My web app offers personalized recommendations. When a user starting to use it, about 1000+ rows are being inserted to one big recommendation table, correlating with other tables in the database. Every item the user votes for affects all of those 1000+ rows.
Since the recommendation info is only useful during the session, and since the recommendation table is getting huge, we'd like to switch to a more appropiate method. There's the possibility of deleting the relevant rows as soon as the user session is over. I guess PHP session array or temp tables are better for this case?
First: consider redesigning your data structure, I think it is not optimal. Store a user's recommendation in a table user-recommendeditem-score: I don't see any need for a temp table or anything else. Otherwise, you could start using sessions, but you should encapsulate the code carefully, making it easy to change if/when this solution is no more maintainable.

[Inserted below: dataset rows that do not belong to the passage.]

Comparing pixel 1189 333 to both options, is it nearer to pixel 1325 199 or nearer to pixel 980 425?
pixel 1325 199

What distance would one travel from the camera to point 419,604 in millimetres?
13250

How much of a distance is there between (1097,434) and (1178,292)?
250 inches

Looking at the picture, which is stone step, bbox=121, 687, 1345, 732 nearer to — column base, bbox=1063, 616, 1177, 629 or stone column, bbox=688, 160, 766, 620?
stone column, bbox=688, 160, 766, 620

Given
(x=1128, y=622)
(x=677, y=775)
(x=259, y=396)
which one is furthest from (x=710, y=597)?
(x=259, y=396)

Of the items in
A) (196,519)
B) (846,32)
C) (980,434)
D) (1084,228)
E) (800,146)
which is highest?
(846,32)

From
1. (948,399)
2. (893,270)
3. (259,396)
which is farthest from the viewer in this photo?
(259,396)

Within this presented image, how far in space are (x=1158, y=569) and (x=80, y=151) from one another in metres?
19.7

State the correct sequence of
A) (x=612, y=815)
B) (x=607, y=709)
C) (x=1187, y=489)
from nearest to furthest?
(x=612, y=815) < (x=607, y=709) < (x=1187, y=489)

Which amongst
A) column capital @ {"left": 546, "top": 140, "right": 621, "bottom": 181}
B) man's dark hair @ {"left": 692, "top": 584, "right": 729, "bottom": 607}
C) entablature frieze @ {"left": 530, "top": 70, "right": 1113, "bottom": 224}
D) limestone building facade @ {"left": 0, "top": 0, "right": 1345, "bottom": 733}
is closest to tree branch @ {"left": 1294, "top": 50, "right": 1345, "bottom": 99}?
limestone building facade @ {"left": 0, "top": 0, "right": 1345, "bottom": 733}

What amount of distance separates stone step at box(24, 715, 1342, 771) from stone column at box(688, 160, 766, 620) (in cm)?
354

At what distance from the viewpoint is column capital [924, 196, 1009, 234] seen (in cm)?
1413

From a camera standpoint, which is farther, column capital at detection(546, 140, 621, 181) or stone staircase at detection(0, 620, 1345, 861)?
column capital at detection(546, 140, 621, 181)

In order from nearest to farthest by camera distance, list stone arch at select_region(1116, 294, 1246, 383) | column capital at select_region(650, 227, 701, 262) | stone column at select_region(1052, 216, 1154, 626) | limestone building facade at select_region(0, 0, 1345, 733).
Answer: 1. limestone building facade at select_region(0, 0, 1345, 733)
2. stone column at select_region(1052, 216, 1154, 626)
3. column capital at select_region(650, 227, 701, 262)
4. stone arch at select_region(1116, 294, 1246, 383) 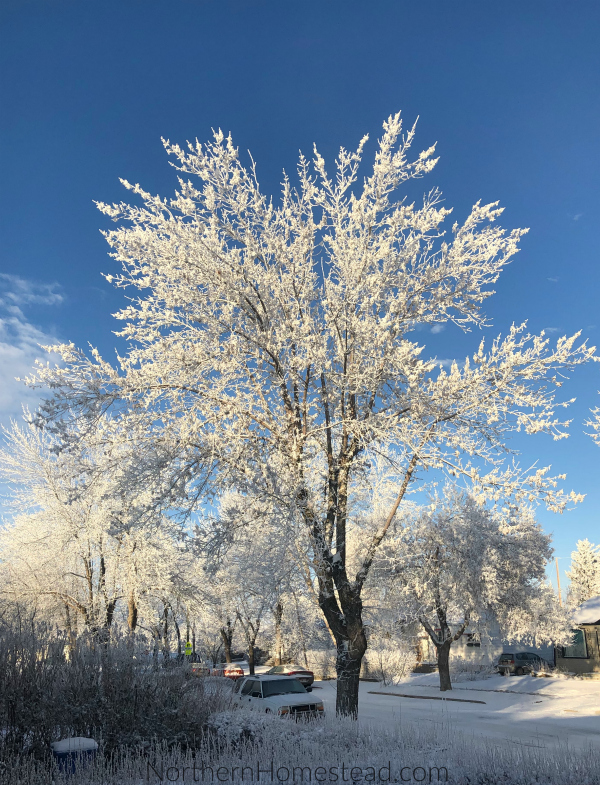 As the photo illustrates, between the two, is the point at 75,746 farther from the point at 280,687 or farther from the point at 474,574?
the point at 474,574

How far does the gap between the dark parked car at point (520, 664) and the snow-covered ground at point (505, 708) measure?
1136mm

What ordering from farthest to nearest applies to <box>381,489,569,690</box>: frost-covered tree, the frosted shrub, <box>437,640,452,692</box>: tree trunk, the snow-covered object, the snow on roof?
the frosted shrub < the snow on roof < <box>437,640,452,692</box>: tree trunk < <box>381,489,569,690</box>: frost-covered tree < the snow-covered object

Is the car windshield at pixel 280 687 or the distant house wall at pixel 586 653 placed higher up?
the car windshield at pixel 280 687

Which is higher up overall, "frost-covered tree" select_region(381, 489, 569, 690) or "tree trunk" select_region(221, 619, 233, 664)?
"frost-covered tree" select_region(381, 489, 569, 690)

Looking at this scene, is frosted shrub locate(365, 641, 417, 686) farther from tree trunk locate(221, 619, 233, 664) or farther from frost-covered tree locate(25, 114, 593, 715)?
frost-covered tree locate(25, 114, 593, 715)

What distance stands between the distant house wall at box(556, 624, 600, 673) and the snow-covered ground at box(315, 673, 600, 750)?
2622 mm

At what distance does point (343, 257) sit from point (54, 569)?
16.3m

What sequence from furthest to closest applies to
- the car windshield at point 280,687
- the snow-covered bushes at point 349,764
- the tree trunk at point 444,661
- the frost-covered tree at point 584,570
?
the frost-covered tree at point 584,570 → the tree trunk at point 444,661 → the car windshield at point 280,687 → the snow-covered bushes at point 349,764

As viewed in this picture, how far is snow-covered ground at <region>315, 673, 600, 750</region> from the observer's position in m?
12.6

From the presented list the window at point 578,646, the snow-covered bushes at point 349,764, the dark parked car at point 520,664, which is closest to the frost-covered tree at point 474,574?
the window at point 578,646

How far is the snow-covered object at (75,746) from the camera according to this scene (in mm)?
6984

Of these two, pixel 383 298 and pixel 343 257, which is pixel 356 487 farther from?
pixel 343 257

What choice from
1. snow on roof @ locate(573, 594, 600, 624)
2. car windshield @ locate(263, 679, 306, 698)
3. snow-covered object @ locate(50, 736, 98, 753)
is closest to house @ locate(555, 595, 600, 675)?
snow on roof @ locate(573, 594, 600, 624)

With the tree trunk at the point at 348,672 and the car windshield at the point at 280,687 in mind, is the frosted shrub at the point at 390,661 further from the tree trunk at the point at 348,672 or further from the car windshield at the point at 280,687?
the tree trunk at the point at 348,672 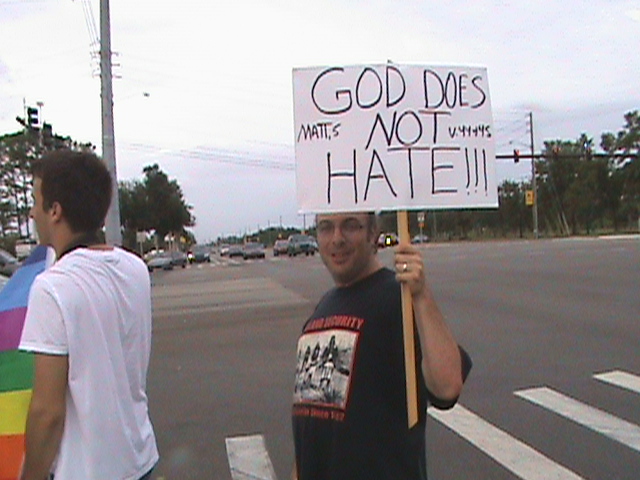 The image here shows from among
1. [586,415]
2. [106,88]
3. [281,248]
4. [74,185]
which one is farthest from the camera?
[281,248]

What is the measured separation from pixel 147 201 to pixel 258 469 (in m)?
78.3

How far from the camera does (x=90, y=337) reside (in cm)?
229

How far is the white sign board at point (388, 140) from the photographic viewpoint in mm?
2758

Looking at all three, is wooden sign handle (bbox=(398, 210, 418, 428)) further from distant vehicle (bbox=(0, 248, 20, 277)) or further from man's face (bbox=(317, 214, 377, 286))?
distant vehicle (bbox=(0, 248, 20, 277))

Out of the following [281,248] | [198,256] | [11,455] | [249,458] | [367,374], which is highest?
[367,374]

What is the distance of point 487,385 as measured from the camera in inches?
325

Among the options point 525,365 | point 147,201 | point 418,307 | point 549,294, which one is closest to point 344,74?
point 418,307

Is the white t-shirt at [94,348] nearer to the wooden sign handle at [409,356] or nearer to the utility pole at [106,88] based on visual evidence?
the wooden sign handle at [409,356]

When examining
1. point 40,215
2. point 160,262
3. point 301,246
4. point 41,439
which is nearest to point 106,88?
point 40,215

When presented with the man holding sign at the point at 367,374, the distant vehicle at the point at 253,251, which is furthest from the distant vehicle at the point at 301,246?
the man holding sign at the point at 367,374

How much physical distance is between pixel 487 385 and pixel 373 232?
19.6ft

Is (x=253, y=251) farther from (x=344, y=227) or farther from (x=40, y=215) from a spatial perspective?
(x=40, y=215)

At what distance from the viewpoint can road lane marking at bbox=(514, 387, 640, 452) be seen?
20.3 ft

One temp table per session will lead to catalog pollution, so not really recommended.
Have you considered actually keeping the data, so as periodically mine it to improve the suggestions?
I suspect that the method is flawed - 1000+ recommendations per user? How many of them do they ever look at? If you don't know the answer to that question - then you need to spend some time thinking about why you don't know the answer.
Every item the user votes for affects all of those 1000+ rows
Are you sure your data is properly normalised?
But leaving that aside for the moment. The right place to generate / store that is in the database - a relational database is explicitly designed, and a lot more efficient about generating and maintaining tabular sets of data then a conventional programming language.